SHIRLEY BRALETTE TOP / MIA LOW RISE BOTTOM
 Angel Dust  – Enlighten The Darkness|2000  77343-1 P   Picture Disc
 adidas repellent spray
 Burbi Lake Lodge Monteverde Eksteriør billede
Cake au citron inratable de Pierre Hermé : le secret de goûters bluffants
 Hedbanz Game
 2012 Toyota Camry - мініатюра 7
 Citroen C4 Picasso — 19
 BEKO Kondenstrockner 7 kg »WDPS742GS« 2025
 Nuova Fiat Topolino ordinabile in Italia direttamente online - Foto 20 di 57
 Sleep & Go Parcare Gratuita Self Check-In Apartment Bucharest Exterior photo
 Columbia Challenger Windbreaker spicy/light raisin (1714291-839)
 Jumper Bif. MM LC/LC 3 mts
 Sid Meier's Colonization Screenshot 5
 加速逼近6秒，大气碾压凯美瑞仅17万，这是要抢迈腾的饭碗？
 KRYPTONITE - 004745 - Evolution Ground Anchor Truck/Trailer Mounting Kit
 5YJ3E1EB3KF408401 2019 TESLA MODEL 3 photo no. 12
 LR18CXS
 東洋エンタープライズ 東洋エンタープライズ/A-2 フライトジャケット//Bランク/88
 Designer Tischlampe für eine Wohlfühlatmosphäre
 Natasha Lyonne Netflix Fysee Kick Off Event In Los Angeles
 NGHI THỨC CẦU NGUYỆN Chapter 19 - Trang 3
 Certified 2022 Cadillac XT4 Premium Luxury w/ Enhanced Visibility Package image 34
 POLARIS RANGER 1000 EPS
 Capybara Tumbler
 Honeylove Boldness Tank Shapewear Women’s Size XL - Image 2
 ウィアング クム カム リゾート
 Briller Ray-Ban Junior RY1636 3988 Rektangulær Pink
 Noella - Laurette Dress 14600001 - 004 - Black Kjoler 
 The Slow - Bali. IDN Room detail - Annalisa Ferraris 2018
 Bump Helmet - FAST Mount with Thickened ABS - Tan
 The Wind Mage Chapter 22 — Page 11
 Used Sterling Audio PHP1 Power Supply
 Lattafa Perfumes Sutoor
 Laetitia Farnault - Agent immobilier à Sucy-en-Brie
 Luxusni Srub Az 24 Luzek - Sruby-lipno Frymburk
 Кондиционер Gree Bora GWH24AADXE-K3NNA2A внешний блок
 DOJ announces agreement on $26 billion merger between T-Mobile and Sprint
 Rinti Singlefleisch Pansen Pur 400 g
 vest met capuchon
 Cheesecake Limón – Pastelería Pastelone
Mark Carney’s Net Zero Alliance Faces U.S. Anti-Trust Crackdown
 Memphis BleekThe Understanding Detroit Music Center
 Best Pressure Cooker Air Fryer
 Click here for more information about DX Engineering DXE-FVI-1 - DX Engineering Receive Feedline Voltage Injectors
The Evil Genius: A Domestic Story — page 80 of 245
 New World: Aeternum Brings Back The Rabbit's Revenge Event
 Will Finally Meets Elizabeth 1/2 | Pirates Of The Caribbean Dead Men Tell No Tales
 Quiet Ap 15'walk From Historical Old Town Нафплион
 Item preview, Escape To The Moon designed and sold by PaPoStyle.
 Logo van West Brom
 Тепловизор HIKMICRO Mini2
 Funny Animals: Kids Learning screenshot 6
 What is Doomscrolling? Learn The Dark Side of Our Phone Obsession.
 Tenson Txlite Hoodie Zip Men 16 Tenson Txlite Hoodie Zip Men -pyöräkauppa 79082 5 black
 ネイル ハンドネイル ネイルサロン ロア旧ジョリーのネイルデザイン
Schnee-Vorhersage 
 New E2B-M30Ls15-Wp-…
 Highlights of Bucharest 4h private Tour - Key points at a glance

==========

* **Your goal**
Scan the records for the string "Chapter". Copy each line in which it appears.

* **Answer space**
 NGHI THỨC CẦU NGUYỆN Chapter 19 - Trang 3
 The Wind Mage Chapter 22 — Page 11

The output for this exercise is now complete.